Zacarías formó al muchacho de José Mármol desde la A hasta la Z, desde el primigenio salto a la soga en las horas adolescentes hasta el sábado inclusive, cuando después de ser el mejor superligero de IBO se ganó el derecho de saltar de sigla, de rango, de status: el cetro vacante de la FIB.

(Alberto, Zacarías al fin - porque así era su padre, el legendario maestro Santos Zacarías, hacedor de sus peleadores-hijos adoptivos Sergio Palma y Juan Martín Coggi, ambos campeones mundiales-, amén de formarlo en la sagrada rutina del gimnasio y en el abecé de la técnica, lo instruyó en más de una letra no escrita en modos y pensares estrictamente ligados a lo humano, así, a secas.

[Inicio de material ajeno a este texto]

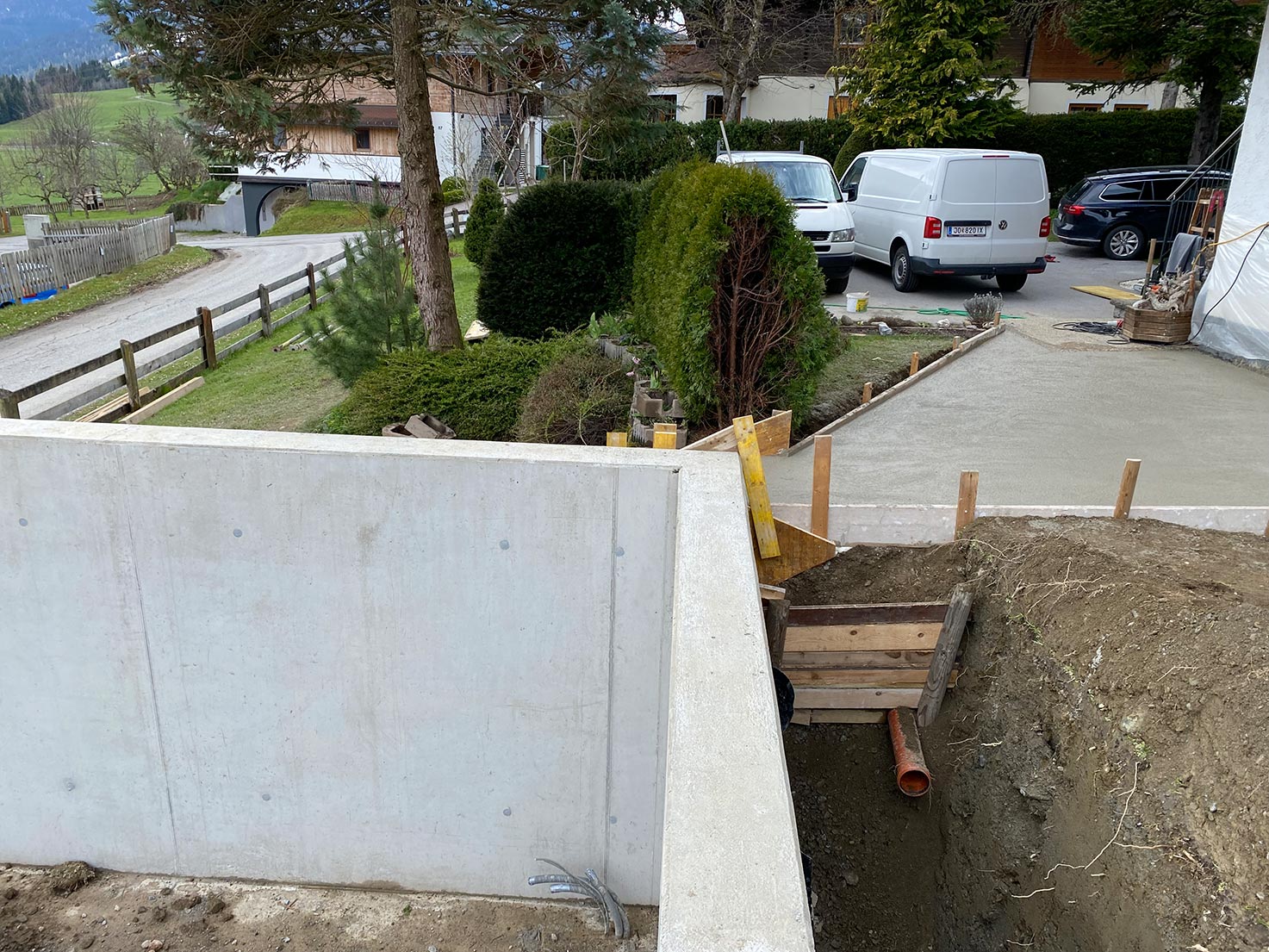 Sichtbeton-Stützmauer und angrenzende Carport-Zufahrt in Flachau – präzise Ausführung durch Robert Präauer / Praebau.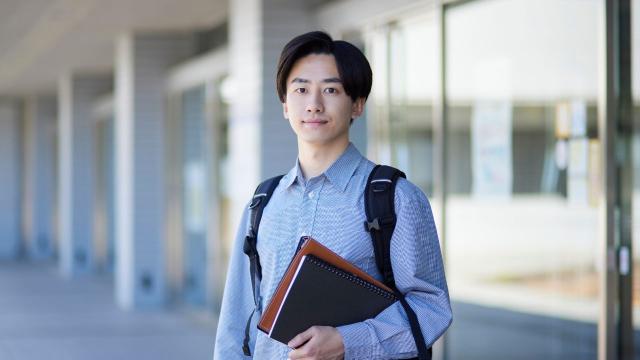 Gambar Artikel Mahasiswa Dan Krisis Makna: Ketika Kuliah Tak Lagi Sekadar Mengejar Gelar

Era un secreto a voces que el récord del puertorriqueño Subriel Matías imponía respeto e inquietud: 18 victorias y una derrota por decisión, ante un adversario de quien se había cobrado desquite en su ley: por la vía categoría.

Y ahí fue Jeremías Ponce, determinado, valiente, bien pegado al cuerpo a cuerpo, descargando decenas de golpes - que no todos llegaron a zonas sensibles, es cierto-, ganando con claridad la primera vuelta, con lo justo la tercera y llegando al quinto con números aceptables, y habiendo ya redondeado un pleito digno, pero con un pronóstico oscuro por donde se lo mirara.

¿Qué de desalentador había pasado?

Pues que el puertorriqueño había aguantado todo, pero todo, sin pestañear, y en cambio cada vez que había llegado con sus manos, Ponce había vacilado.

Como hubiera dicho uno de los más célebres comentaristas de boxeo, Horacio García Blanco, un golpe de Ponce valía un peso y un golpe de Matías valía un dólar.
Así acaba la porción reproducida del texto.